Task directions: Stop after the line that contains "Villa mit Wellnessbereich"; until then, restate each line of the entries word for word from the very first.

Entries taken from a collection
- - -

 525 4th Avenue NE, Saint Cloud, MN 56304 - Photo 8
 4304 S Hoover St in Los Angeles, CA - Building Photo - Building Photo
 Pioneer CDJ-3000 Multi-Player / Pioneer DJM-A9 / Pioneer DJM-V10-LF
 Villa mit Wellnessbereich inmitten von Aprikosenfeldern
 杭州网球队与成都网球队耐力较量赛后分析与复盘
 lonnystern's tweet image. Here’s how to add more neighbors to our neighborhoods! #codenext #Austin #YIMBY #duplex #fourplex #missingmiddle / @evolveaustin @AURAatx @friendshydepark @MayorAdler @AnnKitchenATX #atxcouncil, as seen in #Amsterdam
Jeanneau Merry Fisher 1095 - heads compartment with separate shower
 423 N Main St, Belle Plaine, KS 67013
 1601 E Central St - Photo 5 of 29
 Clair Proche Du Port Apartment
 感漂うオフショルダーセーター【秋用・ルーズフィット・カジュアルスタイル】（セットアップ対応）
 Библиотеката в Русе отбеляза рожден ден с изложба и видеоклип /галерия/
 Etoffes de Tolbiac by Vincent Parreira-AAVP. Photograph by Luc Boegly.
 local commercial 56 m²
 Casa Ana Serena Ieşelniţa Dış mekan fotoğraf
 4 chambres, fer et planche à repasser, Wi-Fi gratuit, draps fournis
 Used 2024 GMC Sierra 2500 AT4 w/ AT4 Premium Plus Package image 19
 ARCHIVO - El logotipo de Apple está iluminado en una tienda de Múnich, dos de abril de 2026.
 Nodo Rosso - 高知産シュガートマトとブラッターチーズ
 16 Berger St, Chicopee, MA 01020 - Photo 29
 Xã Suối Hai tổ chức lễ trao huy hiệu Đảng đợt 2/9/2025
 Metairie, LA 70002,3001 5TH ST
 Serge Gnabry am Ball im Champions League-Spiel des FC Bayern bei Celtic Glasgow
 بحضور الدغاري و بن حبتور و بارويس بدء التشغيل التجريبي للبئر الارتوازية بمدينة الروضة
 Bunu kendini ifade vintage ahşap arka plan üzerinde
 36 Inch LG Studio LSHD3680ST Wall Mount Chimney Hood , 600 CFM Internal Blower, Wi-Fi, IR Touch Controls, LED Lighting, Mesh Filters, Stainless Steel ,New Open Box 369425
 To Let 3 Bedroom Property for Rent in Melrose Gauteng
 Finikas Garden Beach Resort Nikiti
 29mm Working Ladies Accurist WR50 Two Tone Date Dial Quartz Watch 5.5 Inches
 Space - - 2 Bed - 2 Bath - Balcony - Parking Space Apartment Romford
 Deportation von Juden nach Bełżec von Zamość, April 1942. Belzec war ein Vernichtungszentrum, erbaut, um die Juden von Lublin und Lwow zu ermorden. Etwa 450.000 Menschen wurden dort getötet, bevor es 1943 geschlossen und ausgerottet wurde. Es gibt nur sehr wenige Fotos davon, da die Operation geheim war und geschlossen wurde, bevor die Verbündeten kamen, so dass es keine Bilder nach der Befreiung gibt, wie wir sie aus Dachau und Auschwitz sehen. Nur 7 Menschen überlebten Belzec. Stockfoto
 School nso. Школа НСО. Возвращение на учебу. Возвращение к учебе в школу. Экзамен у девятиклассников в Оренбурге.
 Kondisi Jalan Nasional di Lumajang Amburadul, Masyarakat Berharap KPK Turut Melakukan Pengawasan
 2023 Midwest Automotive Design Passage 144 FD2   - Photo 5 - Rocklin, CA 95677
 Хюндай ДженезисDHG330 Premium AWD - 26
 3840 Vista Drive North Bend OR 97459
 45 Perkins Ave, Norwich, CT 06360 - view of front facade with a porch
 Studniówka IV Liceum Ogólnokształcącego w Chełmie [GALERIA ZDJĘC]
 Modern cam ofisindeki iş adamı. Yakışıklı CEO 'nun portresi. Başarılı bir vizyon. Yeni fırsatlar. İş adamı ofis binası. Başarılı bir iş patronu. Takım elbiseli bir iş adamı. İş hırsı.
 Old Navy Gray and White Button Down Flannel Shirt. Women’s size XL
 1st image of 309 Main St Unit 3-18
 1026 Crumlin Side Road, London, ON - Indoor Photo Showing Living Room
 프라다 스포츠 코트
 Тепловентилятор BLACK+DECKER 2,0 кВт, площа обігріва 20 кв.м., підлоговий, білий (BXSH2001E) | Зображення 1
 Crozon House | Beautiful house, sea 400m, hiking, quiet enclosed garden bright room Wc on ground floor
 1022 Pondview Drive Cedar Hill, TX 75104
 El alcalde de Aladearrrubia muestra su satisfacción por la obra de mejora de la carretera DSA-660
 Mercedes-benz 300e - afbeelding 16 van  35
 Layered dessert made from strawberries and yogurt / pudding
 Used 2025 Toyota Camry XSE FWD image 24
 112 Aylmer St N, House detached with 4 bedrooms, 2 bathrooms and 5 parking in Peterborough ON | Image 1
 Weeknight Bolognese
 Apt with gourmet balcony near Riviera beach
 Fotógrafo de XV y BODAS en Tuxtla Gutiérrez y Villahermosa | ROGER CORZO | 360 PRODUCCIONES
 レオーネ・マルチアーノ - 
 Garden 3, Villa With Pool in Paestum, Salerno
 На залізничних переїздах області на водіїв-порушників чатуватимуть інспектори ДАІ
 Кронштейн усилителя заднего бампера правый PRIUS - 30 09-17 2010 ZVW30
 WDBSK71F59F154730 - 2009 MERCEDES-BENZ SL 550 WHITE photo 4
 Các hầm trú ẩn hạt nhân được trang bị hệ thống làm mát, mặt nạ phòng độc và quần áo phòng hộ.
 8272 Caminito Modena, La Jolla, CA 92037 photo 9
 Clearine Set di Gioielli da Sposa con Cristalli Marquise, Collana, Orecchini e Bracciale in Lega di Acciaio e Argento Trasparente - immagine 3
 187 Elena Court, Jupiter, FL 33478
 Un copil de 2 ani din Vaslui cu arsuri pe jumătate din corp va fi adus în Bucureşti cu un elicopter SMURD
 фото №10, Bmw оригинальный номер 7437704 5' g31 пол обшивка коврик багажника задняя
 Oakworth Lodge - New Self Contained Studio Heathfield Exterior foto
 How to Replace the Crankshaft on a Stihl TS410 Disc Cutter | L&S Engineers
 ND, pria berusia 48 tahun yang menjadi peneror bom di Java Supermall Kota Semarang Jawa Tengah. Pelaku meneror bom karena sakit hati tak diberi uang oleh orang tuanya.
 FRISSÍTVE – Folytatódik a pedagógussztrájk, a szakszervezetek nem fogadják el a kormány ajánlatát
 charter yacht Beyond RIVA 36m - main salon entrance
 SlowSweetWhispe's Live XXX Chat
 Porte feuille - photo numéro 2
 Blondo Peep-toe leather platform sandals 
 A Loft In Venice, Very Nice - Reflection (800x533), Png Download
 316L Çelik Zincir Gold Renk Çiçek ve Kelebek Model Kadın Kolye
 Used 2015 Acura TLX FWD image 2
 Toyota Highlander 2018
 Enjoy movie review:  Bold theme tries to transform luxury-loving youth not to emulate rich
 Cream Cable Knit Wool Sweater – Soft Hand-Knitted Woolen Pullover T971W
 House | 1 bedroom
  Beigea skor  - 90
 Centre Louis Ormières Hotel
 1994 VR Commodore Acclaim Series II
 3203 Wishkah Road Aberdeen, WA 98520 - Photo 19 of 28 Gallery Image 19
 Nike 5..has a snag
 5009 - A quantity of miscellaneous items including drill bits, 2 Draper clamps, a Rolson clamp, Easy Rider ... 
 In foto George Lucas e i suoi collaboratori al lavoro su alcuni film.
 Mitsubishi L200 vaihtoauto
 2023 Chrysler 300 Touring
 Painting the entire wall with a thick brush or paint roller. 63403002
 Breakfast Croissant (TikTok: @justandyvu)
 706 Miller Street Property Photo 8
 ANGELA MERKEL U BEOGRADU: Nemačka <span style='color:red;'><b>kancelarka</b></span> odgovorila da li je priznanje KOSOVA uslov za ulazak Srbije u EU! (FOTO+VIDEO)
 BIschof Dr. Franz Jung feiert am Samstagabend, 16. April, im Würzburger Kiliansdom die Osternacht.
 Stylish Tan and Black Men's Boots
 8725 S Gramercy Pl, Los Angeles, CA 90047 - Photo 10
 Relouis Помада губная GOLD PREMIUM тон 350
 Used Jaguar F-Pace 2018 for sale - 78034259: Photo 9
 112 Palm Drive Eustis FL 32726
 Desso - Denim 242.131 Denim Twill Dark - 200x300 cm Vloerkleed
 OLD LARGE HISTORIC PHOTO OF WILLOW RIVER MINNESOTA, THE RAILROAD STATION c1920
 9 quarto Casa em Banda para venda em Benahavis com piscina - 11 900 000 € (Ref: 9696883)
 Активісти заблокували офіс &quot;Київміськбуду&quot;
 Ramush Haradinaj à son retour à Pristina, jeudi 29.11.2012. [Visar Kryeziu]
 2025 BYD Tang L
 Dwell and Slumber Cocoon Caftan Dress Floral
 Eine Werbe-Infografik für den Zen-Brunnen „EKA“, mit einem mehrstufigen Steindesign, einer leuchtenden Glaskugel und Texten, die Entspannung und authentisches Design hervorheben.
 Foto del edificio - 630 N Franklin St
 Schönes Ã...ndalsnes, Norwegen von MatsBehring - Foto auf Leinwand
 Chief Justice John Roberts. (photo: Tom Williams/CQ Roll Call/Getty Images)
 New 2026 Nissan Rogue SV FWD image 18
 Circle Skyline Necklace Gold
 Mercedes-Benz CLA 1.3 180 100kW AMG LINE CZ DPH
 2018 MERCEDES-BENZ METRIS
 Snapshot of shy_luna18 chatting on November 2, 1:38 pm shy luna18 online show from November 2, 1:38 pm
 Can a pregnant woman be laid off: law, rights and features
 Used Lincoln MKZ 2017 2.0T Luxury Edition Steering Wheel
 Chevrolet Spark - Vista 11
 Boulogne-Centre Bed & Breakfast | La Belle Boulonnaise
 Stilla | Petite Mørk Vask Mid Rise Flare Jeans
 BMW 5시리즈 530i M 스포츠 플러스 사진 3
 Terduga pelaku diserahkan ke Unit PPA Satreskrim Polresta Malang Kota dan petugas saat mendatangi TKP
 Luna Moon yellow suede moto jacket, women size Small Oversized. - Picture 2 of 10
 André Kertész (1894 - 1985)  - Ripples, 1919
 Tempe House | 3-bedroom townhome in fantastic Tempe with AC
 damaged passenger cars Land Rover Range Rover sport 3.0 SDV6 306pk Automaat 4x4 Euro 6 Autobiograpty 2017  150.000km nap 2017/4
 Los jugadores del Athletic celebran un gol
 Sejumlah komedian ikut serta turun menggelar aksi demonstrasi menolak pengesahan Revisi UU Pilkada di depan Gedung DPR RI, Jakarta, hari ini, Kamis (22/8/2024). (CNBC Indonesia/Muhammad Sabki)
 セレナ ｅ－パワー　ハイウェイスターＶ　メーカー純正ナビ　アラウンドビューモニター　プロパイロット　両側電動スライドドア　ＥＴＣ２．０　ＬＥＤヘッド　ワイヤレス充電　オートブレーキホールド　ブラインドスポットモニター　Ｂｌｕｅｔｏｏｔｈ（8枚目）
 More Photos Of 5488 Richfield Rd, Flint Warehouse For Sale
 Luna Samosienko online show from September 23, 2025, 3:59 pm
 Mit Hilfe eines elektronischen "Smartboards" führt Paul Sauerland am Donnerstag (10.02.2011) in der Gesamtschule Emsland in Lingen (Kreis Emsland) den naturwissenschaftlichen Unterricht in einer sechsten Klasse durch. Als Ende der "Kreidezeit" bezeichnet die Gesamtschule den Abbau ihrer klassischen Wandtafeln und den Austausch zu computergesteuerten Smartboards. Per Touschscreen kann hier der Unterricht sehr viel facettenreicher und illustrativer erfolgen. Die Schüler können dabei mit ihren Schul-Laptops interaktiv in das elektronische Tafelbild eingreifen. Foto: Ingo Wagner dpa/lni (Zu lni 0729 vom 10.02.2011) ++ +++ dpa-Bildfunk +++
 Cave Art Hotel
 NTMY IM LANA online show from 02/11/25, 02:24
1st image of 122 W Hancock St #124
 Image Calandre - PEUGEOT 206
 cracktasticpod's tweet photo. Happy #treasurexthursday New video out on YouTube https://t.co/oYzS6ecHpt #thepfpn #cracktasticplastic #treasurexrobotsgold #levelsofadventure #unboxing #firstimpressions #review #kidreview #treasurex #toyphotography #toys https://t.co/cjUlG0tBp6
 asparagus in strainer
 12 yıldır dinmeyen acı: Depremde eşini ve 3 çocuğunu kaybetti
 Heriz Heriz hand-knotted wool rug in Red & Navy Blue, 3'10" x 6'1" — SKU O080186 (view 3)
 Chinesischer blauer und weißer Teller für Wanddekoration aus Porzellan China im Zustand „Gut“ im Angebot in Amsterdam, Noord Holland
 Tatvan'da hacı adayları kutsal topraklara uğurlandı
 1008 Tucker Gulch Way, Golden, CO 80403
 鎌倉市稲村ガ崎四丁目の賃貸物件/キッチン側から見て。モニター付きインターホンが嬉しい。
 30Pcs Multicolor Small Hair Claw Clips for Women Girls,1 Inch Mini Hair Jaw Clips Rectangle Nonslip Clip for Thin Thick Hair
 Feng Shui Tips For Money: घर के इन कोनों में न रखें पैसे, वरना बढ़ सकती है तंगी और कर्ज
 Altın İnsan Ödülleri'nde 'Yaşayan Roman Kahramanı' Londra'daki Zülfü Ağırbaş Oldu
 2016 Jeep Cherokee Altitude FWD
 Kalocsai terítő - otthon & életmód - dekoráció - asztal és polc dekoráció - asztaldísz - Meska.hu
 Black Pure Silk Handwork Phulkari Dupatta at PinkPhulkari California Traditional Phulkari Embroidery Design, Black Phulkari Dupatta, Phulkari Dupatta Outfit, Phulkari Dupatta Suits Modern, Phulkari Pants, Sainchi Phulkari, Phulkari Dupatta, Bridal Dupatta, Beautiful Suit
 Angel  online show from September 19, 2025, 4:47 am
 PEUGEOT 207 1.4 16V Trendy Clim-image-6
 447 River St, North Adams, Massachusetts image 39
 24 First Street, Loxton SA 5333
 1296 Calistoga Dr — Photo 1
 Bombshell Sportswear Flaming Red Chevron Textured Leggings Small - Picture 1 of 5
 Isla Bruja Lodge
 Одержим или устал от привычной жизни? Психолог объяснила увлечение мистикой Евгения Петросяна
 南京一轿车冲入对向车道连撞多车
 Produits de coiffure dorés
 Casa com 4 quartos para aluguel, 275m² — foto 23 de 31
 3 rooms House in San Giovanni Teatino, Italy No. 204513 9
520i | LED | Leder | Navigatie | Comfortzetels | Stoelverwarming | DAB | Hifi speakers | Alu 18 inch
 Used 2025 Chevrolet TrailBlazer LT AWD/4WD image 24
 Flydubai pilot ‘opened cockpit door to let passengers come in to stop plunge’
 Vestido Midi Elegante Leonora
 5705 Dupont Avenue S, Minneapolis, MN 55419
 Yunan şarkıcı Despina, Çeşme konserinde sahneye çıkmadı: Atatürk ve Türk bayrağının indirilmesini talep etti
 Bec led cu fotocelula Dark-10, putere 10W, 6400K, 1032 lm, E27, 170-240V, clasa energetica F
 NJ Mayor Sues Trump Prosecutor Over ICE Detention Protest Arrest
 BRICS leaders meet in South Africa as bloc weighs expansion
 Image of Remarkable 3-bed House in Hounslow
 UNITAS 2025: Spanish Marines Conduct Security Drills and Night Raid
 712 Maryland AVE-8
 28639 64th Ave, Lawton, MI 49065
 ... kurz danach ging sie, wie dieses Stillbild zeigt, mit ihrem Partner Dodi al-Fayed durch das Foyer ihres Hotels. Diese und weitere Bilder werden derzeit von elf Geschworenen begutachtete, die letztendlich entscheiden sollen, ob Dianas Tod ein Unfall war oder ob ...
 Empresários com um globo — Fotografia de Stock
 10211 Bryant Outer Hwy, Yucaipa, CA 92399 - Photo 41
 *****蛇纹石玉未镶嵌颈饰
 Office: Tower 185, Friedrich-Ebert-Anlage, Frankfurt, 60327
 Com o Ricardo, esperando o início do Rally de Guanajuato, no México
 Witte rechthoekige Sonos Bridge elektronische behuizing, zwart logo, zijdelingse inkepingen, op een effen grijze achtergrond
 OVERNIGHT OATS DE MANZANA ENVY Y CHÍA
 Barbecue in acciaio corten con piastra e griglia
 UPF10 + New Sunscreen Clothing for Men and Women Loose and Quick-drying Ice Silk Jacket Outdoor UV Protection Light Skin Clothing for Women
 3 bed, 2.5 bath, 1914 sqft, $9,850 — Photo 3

- - -

Your solution:
 525 4th Avenue NE, Saint Cloud, MN 56304 - Photo 8
 4304 S Hoover St in Los Angeles, CA - Building Photo - Building Photo
 Pioneer CDJ-3000 Multi-Player / Pioneer DJM-A9 / Pioneer DJM-V10-LF
 Villa mit Wellnessbereich inmitten von Aprikosenfeldern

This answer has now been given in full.